• PROBLEM DETAILS
Transcribe, word for word and without additions, each line below from the one containing "An enclosed backyard" through the one containing "Neutral asian young-adult", both ends included.

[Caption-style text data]
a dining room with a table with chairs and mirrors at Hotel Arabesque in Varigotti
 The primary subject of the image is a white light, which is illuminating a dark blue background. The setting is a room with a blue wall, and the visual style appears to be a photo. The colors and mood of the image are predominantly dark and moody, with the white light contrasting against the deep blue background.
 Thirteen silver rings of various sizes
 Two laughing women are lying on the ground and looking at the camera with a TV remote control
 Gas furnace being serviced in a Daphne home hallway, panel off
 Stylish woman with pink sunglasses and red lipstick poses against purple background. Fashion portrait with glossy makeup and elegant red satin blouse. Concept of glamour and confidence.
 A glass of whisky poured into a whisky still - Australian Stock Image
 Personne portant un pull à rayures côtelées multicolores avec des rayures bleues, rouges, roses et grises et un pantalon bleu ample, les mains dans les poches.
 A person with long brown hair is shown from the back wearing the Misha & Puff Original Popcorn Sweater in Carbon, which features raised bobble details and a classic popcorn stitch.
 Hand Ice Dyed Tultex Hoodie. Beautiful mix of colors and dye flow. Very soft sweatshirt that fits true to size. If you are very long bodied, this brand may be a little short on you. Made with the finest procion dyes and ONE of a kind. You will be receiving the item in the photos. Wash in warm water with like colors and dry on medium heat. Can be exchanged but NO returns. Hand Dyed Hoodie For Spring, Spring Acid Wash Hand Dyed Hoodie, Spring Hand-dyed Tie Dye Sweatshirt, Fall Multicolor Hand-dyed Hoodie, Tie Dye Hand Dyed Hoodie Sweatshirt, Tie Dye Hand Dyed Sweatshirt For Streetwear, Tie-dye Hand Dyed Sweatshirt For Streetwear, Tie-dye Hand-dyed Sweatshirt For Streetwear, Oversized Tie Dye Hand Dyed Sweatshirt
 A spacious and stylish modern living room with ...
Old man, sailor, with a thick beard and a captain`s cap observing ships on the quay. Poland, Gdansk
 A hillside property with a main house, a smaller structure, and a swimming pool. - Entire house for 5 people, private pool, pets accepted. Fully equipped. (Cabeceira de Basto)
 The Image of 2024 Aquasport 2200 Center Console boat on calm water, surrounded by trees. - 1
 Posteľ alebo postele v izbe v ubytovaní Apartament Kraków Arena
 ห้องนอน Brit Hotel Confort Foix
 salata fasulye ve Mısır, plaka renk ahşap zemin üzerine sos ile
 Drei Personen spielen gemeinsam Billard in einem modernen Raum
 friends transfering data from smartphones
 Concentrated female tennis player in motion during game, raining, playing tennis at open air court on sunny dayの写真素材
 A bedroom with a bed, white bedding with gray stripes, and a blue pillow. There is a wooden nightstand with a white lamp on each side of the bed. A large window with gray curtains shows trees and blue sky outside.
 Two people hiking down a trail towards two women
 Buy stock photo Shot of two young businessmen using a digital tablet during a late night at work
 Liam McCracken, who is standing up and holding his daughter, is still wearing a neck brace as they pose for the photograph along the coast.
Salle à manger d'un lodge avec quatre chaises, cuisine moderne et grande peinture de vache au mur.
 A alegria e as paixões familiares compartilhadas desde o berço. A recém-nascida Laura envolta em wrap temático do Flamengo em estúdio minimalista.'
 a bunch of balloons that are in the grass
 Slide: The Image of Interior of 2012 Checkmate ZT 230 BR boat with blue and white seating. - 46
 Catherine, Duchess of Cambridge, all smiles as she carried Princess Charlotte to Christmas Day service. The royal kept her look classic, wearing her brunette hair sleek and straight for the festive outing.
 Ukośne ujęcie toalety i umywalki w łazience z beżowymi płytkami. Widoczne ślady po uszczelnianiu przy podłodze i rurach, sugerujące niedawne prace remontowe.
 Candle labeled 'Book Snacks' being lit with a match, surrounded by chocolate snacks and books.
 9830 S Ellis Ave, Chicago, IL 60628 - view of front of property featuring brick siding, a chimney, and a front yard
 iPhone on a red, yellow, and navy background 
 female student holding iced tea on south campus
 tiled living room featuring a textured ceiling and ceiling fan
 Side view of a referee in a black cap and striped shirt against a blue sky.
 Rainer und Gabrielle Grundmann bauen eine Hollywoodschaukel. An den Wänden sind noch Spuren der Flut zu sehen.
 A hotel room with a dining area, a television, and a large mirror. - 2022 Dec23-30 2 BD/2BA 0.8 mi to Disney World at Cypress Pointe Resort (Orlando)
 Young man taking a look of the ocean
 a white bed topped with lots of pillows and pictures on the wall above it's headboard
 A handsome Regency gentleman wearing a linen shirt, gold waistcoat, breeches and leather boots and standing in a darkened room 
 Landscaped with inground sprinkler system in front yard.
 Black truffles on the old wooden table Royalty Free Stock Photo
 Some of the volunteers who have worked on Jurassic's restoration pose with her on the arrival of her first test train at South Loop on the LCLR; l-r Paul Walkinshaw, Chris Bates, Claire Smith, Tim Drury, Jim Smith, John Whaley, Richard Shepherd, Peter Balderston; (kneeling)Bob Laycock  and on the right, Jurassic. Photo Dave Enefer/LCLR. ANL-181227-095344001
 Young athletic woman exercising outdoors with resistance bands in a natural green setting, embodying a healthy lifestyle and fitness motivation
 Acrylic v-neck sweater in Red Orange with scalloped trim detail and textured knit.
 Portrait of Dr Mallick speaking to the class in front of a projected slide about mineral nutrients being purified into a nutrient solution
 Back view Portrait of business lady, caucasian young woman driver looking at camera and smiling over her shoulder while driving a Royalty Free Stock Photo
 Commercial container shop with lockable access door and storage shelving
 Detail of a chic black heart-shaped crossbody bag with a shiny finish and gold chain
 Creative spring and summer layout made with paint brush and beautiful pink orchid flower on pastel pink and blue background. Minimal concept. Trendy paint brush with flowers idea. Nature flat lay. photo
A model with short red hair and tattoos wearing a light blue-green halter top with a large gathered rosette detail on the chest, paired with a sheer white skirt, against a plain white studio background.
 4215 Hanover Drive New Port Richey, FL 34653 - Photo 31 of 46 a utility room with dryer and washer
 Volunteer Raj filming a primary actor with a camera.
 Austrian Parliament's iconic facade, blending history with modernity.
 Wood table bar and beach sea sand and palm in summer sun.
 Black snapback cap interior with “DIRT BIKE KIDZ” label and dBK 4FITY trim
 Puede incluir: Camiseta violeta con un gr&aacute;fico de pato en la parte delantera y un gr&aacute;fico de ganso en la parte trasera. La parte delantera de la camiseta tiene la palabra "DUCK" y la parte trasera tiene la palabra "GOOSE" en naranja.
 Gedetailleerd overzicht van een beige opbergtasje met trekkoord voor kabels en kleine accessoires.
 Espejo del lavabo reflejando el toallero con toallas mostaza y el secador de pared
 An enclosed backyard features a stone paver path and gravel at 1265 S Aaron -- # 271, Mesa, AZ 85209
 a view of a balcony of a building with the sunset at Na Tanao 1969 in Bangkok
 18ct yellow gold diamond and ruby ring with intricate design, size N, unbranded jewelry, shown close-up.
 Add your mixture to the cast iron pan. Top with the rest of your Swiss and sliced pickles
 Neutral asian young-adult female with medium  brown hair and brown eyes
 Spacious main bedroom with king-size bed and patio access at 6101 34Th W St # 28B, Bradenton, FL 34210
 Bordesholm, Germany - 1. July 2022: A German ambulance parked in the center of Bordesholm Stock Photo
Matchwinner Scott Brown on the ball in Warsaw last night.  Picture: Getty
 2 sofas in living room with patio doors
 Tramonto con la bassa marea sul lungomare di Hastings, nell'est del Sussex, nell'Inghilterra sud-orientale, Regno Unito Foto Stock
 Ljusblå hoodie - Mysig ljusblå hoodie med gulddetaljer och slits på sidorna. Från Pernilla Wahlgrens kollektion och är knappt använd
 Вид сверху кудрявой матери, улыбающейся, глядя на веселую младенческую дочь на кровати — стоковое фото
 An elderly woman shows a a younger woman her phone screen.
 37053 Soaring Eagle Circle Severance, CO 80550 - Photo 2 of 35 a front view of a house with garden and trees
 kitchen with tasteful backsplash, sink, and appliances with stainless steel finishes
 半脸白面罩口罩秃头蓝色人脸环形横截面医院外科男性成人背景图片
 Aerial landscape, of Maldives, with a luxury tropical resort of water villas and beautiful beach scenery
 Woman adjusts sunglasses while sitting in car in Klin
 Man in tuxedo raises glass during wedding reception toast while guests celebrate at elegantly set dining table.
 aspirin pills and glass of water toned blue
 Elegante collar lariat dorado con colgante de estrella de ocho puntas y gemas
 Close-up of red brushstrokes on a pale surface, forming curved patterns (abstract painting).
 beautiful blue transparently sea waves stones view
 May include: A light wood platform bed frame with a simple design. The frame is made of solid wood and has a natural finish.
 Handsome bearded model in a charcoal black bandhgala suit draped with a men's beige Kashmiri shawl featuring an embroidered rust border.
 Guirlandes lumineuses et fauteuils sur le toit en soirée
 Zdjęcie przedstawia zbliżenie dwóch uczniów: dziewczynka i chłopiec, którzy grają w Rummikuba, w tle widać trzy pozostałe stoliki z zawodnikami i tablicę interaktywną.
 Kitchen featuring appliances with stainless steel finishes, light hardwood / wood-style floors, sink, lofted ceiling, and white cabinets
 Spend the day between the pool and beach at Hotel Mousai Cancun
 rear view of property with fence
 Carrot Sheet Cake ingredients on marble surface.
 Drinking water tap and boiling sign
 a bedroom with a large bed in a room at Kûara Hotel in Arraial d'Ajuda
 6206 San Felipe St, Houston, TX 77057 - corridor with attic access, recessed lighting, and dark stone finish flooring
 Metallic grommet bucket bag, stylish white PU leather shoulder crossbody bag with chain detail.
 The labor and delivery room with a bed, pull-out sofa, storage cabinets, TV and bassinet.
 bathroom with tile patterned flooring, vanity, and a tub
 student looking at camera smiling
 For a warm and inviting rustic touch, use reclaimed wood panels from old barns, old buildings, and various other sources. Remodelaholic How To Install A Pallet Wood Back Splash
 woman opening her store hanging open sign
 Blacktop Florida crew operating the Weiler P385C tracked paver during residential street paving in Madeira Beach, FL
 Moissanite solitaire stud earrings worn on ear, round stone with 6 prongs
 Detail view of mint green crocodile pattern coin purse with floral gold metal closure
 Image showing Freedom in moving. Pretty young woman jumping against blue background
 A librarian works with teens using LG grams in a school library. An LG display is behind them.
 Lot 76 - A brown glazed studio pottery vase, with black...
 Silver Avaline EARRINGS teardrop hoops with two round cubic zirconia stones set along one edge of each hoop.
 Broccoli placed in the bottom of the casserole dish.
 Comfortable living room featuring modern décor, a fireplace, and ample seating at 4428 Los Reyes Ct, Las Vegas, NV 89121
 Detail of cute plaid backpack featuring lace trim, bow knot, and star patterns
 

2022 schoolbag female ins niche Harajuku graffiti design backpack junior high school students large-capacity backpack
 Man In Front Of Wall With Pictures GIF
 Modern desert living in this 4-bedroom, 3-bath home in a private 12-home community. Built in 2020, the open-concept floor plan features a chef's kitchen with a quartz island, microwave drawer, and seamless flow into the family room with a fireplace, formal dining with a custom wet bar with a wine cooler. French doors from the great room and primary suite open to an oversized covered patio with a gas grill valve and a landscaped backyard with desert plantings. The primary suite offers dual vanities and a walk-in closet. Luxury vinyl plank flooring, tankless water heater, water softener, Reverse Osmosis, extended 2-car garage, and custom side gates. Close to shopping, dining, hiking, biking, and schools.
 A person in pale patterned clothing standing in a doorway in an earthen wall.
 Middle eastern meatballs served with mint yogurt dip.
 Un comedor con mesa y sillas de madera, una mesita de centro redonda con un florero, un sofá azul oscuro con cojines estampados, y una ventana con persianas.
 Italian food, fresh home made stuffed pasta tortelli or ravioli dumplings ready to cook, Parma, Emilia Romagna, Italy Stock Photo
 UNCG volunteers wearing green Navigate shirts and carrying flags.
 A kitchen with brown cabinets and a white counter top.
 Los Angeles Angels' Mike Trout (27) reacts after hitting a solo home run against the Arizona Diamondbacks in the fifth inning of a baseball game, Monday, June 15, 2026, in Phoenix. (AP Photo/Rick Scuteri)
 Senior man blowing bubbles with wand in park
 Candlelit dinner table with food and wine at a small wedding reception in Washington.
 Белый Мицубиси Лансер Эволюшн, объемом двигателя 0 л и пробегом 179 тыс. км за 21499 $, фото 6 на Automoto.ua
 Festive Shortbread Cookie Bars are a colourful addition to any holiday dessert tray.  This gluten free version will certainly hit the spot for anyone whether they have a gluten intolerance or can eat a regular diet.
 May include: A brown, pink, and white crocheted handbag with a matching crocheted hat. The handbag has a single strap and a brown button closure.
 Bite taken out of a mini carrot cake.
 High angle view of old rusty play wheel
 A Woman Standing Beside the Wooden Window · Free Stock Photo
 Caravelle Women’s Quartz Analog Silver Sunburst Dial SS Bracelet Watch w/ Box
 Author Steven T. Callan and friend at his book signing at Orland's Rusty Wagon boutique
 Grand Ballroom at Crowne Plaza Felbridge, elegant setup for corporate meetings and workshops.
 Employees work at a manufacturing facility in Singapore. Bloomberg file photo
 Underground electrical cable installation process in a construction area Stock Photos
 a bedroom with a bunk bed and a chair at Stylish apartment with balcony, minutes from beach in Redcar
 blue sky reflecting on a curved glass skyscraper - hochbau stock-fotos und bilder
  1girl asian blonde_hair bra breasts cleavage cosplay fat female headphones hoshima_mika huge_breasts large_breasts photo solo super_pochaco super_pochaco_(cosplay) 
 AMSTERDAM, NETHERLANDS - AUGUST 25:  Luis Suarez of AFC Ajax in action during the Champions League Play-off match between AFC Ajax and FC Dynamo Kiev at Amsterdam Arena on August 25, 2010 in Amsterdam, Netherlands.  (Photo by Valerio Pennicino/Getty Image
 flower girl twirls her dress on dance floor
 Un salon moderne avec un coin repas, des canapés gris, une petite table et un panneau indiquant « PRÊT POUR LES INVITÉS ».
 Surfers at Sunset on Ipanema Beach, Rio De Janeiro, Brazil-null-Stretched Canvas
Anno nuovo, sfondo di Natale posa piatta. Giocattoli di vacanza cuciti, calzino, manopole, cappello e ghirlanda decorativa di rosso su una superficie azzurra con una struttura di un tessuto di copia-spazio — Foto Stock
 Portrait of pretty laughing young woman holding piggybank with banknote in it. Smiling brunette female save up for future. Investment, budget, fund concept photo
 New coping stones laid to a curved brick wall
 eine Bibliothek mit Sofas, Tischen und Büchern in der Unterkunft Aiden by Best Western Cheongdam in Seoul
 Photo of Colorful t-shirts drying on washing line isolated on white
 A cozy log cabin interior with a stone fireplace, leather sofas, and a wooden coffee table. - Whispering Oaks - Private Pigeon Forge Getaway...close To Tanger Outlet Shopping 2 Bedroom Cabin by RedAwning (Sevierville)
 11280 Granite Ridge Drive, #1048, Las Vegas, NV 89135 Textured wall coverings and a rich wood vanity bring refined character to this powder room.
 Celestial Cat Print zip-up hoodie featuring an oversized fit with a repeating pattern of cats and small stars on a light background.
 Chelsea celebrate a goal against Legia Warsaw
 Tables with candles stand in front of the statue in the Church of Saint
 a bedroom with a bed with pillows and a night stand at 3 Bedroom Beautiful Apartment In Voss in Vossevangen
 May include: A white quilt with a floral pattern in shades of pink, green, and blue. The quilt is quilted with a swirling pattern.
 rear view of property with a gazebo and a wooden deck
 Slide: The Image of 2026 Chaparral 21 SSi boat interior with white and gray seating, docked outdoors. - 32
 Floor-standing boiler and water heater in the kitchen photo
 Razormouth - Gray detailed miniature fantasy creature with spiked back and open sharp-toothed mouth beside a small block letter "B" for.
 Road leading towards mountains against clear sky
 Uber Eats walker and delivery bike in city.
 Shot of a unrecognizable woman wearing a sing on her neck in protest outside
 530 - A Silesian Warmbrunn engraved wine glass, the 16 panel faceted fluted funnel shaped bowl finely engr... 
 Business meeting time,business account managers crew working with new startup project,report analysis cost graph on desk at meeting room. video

• SOLUTION TO THIS PROBLEM
 An enclosed backyard features a stone paver path and gravel at 1265 S Aaron -- # 271, Mesa, AZ 85209
 a view of a balcony of a building with the sunset at Na Tanao 1969 in Bangkok
 18ct yellow gold diamond and ruby ring with intricate design, size N, unbranded jewelry, shown close-up.
 Add your mixture to the cast iron pan. Top with the rest of your Swiss and sliced pickles
 Neutral asian young-adult female with medium  brown hair and brown eyes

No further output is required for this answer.